DIRECTIONS FOR THIS TASK
Take the line that contains "Vadeador de pecho" and each line after it to the end of the data below, and set them down exactly, omitting pictures.

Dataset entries

=== Begin Enclosure ===

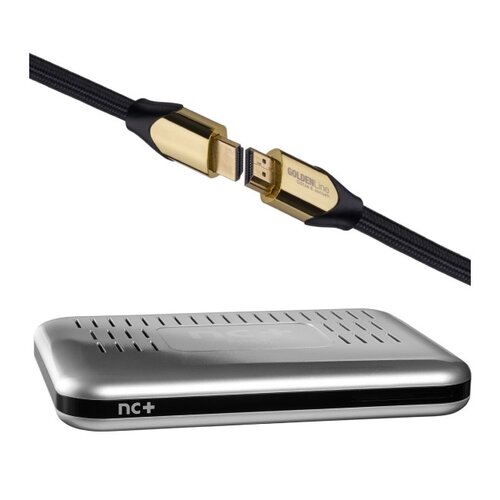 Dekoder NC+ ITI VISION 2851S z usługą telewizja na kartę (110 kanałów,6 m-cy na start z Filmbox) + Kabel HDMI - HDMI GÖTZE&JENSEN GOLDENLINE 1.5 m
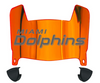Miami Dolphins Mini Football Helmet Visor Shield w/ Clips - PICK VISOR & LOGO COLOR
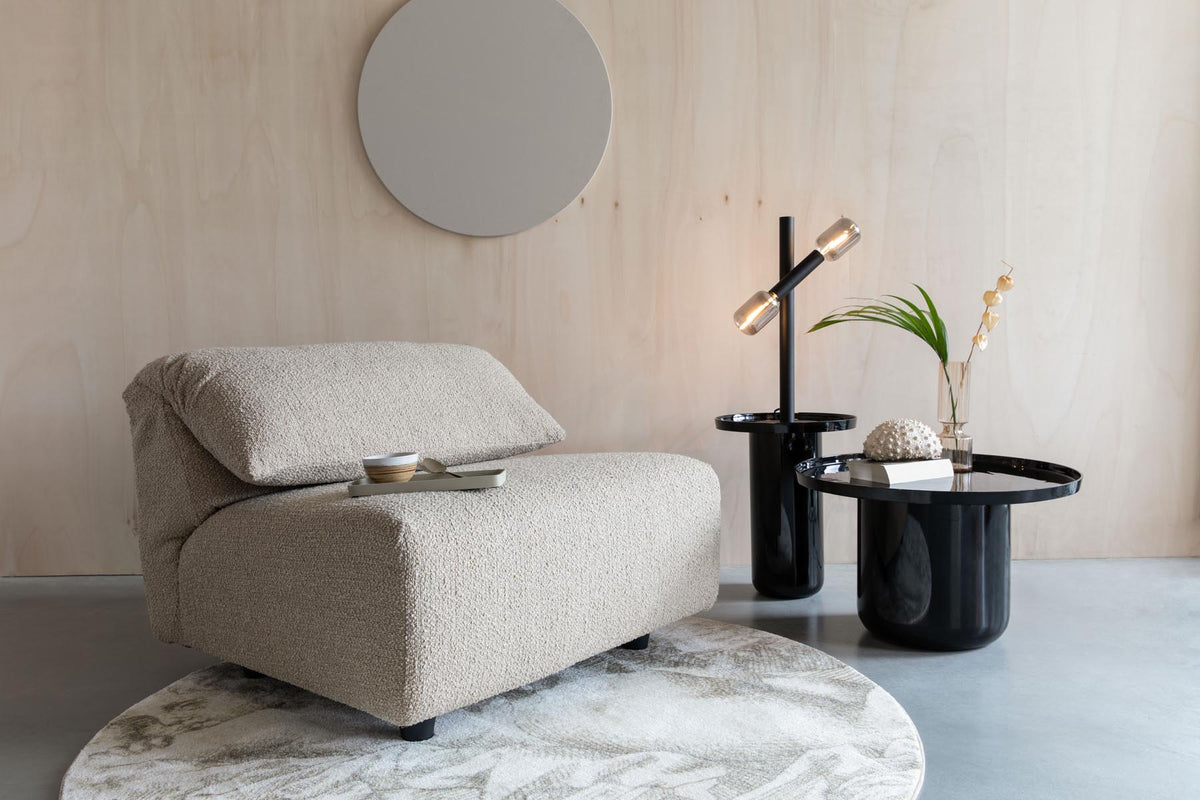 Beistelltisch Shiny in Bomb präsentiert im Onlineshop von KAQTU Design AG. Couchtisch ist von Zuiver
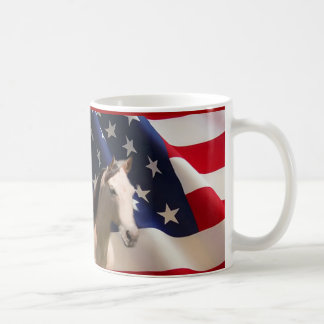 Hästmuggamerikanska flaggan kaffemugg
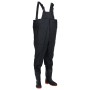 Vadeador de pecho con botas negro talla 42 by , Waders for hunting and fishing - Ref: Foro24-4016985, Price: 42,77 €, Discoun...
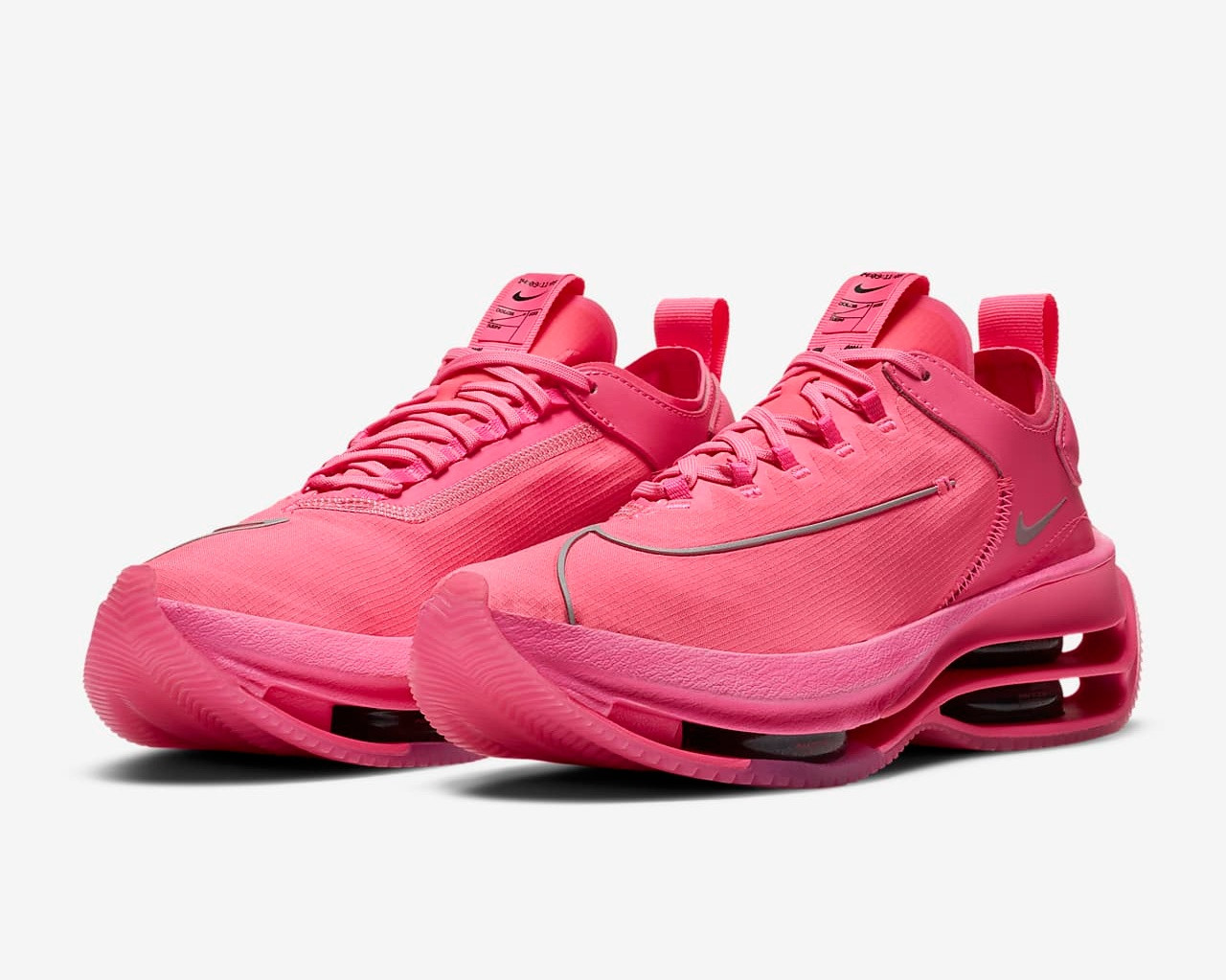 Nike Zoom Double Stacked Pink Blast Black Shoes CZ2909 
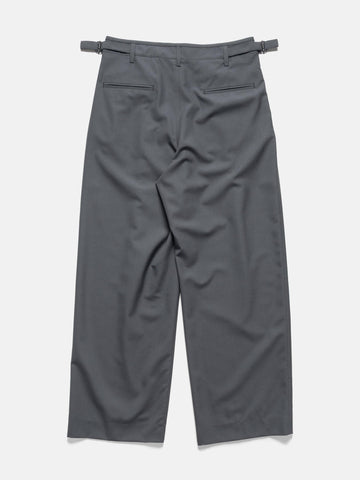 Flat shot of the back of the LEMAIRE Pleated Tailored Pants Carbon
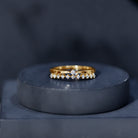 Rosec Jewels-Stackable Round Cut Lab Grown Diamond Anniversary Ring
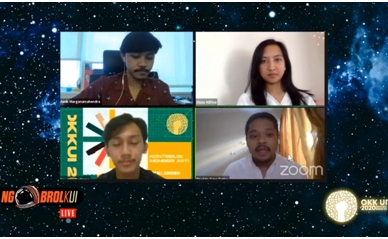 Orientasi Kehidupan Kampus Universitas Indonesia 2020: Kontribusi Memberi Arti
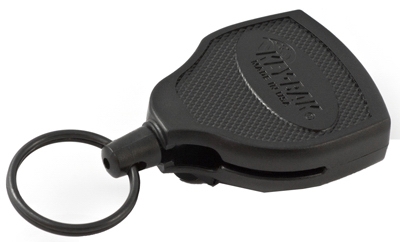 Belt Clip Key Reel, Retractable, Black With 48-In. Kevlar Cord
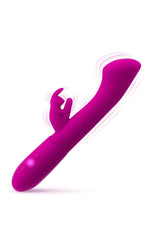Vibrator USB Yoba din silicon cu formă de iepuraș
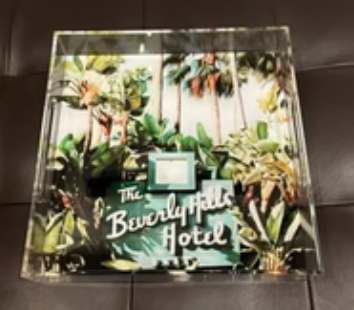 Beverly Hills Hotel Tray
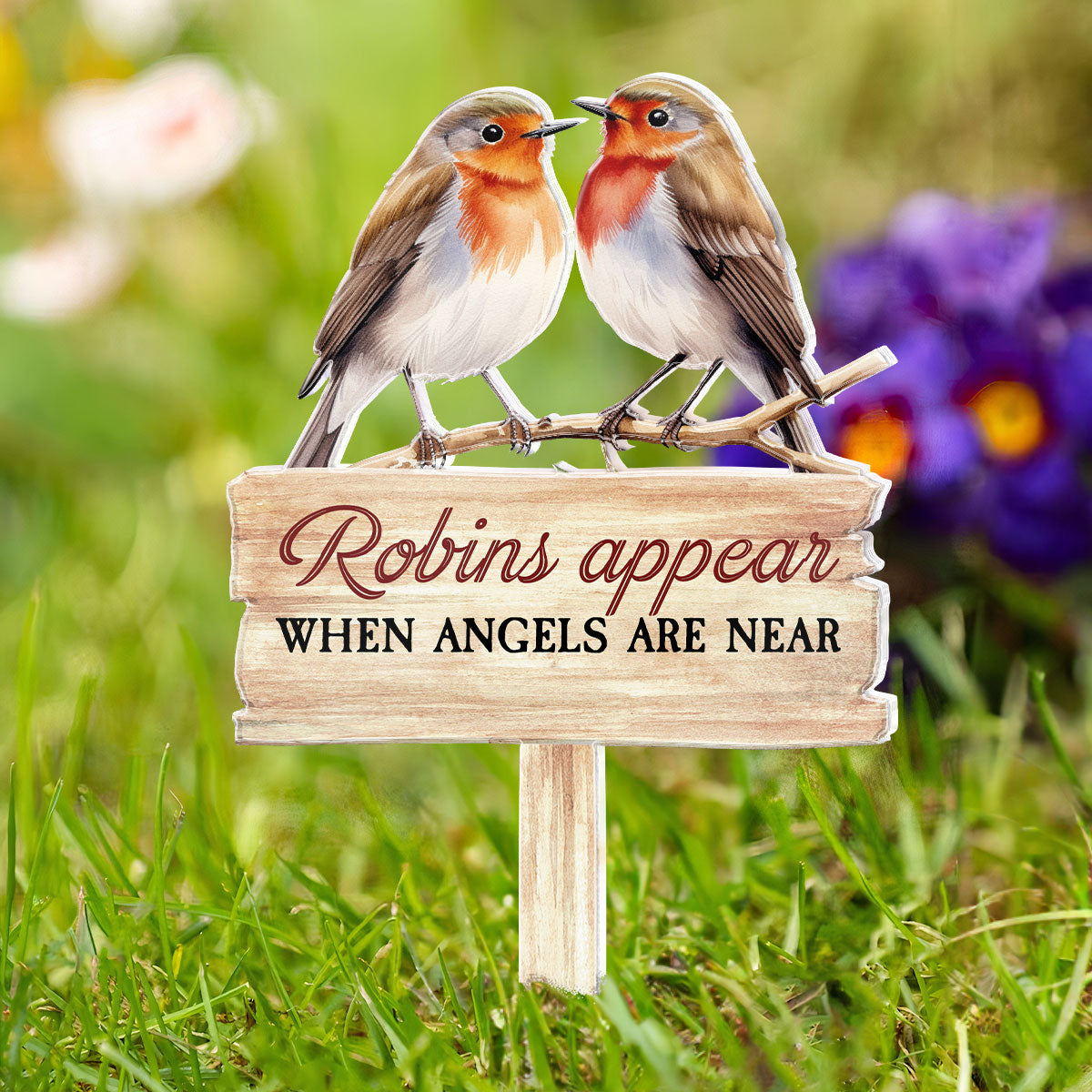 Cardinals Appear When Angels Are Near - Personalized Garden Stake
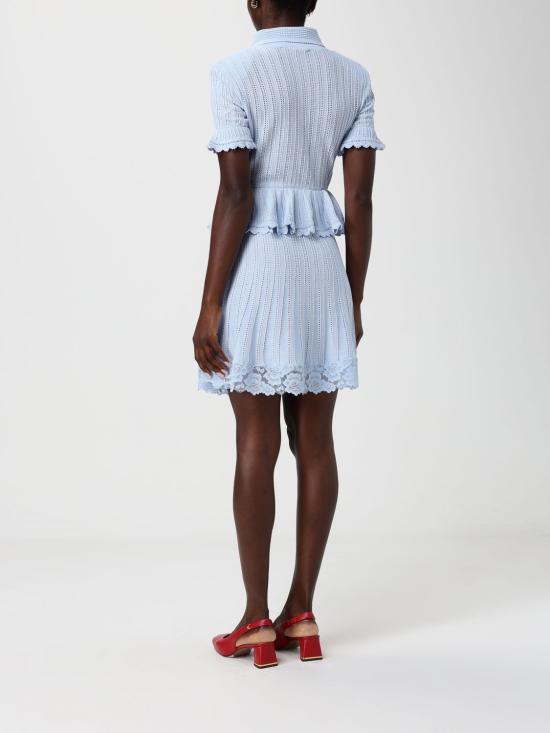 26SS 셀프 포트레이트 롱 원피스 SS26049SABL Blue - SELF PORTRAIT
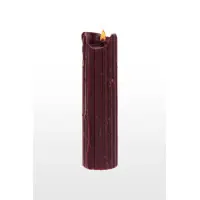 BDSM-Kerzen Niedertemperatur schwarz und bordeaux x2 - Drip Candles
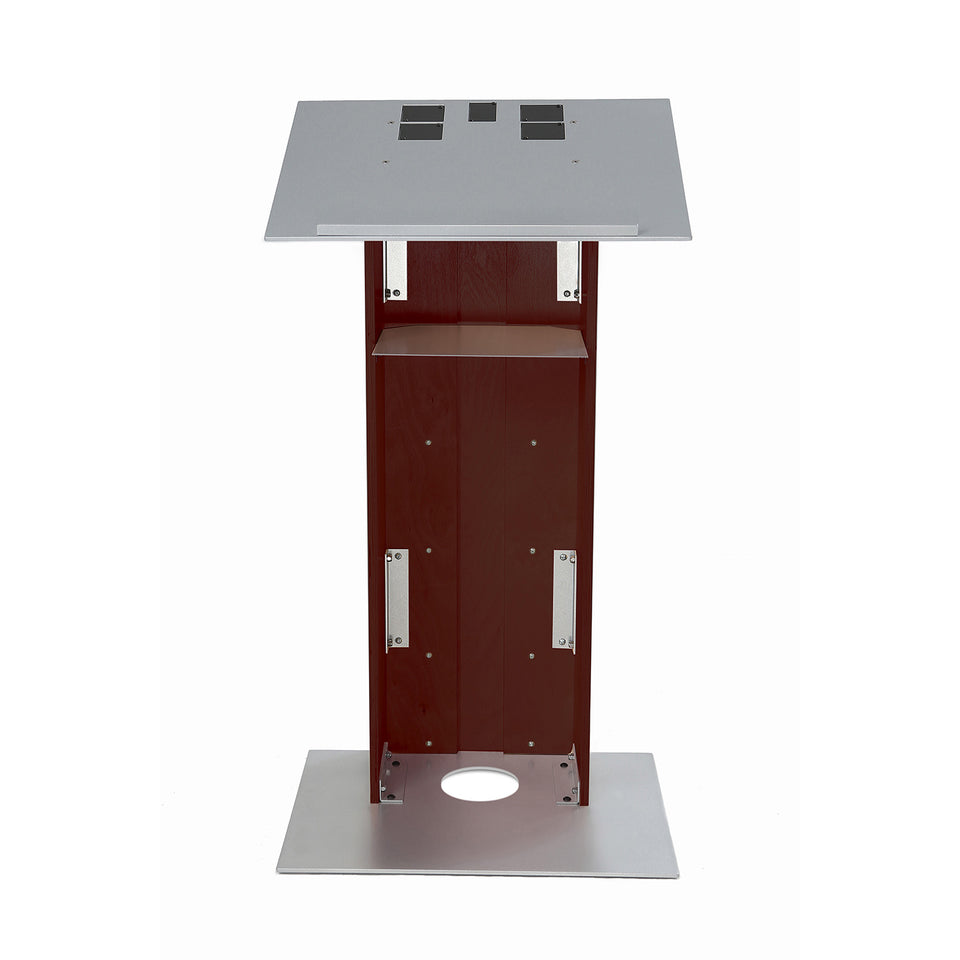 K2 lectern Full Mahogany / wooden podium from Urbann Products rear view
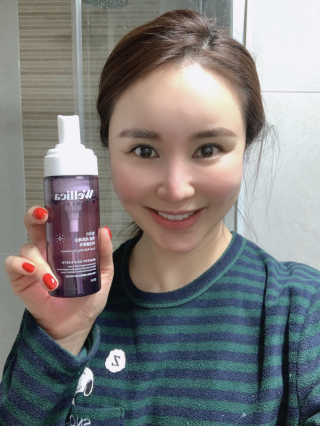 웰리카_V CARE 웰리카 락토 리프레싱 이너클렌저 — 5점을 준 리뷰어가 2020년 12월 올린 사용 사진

=== End Enclosure ===

ANSWER BOX
 Vadeador de pecho con botas negro talla 42 by , Waders for hunting and fishing - Ref: Foro24-4016985, Price: 42,77 €, Discoun...
 Nike Zoom Double Stacked Pink Blast Black Shoes CZ2909 
 Flat shot of the back of the LEMAIRE Pleated Tailored Pants Carbon
 Rosec Jewels-Stackable Round Cut Lab Grown Diamond Anniversary Ring
 Orientasi Kehidupan Kampus Universitas Indonesia 2020: Kontribusi Memberi Arti
 Belt Clip Key Reel, Retractable, Black With 48-In. Kevlar Cord
Vibrator USB Yoba din silicon cu formă de iepuraș
 Beverly Hills Hotel Tray
 Cardinals Appear When Angels Are Near - Personalized Garden Stake
 26SS 셀프 포트레이트 롱 원피스 SS26049SABL Blue - SELF PORTRAIT
 BDSM-Kerzen Niedertemperatur schwarz und bordeaux x2 - Drip Candles
 K2 lectern Full Mahogany / wooden podium from Urbann Products rear view
 웰리카_V CARE 웰리카 락토 리프레싱 이너클렌저 — 5점을 준 리뷰어가 2020년 12월 올린 사용 사진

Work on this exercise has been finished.